Juan Arraya tenía 28 años, vivía en el barrio La Pista, en las afueras de Profesor Salvador Mazza y trabajaba cuidando una casa en el paraje Caraparí. Ayer, temprano en la mañana, cruzó el puente internacional desde Salvador Mazza hacia Pocitos (Bolivia). En esta localidad compró una soga y se fue hasta las vías del tren. Se internó en el puente ferroviario y caminó hasta casi la mitad, como regresando a Salvador Mazza.
Faltaban pocos minutos para que sean las 9. A plena luz del día y cuando por la frontera el ir y venir de gente ganaba frenesí, se puso la soga al cuello y empezó a escribir en un cuaderno. Varios policías de Pocitos bolivianos vieron la escena y se aproximaron algunos metros, pidiéndole que regresara. La gente, de ambos lados de la frontera, se acercó para ver qué sucedía. Los pedidos para que bajara se multiplicaban. Cuando los policías intentaron acercársele, él se arrojó al vacío. La escena paralizó a varios y enmudeció a todos. A pesar de la reacción de los efectivos, Arraya falleció.
El cuerpo fue llevado a Pocitos boliviano (todo sucedió en jurisdicción del vecino país) y también se entregó a las autoridades el cuaderno donde estaban escritas cartas a su familia.
No se conoció, hasta el cierre de esta edición, el contenido de los escritos, aunque hubo una versión que indicó que en ellos habría una mención a Marianela Gracionis.

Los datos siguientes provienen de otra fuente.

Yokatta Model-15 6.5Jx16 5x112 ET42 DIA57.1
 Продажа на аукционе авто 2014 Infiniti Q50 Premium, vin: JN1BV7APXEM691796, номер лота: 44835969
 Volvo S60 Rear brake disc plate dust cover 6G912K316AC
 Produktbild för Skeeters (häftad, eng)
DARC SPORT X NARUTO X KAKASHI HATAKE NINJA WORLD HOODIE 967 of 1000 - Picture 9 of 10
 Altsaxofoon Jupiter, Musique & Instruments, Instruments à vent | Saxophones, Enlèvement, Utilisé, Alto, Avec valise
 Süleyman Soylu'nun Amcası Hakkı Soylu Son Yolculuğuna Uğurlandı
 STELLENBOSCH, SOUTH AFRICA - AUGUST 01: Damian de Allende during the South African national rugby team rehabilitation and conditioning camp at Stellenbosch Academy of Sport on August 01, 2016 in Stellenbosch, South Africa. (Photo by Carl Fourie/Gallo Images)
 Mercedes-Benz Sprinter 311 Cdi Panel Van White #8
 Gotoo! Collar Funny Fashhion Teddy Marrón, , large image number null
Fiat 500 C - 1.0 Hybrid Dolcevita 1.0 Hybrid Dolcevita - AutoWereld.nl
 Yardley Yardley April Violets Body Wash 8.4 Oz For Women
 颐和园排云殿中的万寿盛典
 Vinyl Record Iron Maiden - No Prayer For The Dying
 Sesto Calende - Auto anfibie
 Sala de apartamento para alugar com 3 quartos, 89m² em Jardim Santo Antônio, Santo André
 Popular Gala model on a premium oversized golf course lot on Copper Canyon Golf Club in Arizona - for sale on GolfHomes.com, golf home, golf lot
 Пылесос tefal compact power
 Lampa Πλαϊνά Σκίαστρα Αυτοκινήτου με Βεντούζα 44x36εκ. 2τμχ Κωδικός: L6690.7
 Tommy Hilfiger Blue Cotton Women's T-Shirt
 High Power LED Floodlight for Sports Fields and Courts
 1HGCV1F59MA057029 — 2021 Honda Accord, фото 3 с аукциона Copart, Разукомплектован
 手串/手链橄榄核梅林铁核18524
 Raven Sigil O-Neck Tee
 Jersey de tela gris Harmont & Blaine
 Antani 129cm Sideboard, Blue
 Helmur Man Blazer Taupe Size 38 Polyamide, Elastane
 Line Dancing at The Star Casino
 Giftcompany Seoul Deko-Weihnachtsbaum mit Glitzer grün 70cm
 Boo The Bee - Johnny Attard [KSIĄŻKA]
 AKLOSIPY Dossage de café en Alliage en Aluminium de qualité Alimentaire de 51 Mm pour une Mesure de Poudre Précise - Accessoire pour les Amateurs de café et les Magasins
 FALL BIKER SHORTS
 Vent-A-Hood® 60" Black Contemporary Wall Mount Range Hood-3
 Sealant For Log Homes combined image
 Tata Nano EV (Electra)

Cerca del mediodía, el fiscal penal de Salvador Mazza, Armando Cazón, fue hasta Pocitos para colaborar con la familia de Juan Arraya en la repatriación de sus restos. Allí también fue informado sobre el cuaderno que dejó el joven casero.
"No se descarta nada"
La muerte de Arraya sumó incógnitas a la investigación por la desaparición de Marianela. "Es importante saber el contenido de lo que escribió él, pero las vías de investigación son amplias y no descartamos ninguna hipótesis", sostuvo ayer el fiscal Cazón.
"Vamos a dilucidar si tiene o no vinculación este lamentable hecho con la desaparición de Marianela, pero seguimos con los rastrillajes y con otras tareas que están realizando los investigadores para tratar de dar con la chica", añadió.
El lugar
Arraya cuidaba una casa que está a unos 300 metros antes de la vivienda de la familia Gracionis.
El lunes 18, cerca de las 23.10, él iba en el colectivo en el que también regresaban Marianela y su prima Romina Rueda a Caraparí. Al llegar al paraje, se bajó primero y luego las chicas. Al internarse en el poblado, en medio de la noche y la lluvia, él iba adelante. Un vecino que pasó en moto por el lugar, minutos después, vio a Marianela que caminaba alumbrándose con su celular, y a otros tres hombres que parecían pescadores. No mencionó a Juan Arraya. Hasta ayer era toda la mención del joven casero en el caso por la desaparición de Marianela. Anoche, la Brigada y el fiscal Cazón iban a solicitar un pedido de allanamiento para revisar la casa.

Un pueblo preocupado

El pasado lunes 18, minutos antes de la medianoche, fue la última vez que Marianela Gracionis fue vista. Se despidió de su prima Romina Rueda a las 23.15 y luego la vio un vecino que iba en moto y la cruzó por el camino de Caraparí. Hoy se cumplen diez días de aquella noche lluviosa.
La preocupación por saber dónde y cómo está crece con el paso de los días. Su familia está atravesada por una mezcla de expectativas y pesar.
Tras la fatalidad ocurrida ayer con un joven casero de Caraparí, esperan que hoy la investigación de la Fiscalía Penal y la Policía tenga un importante avance.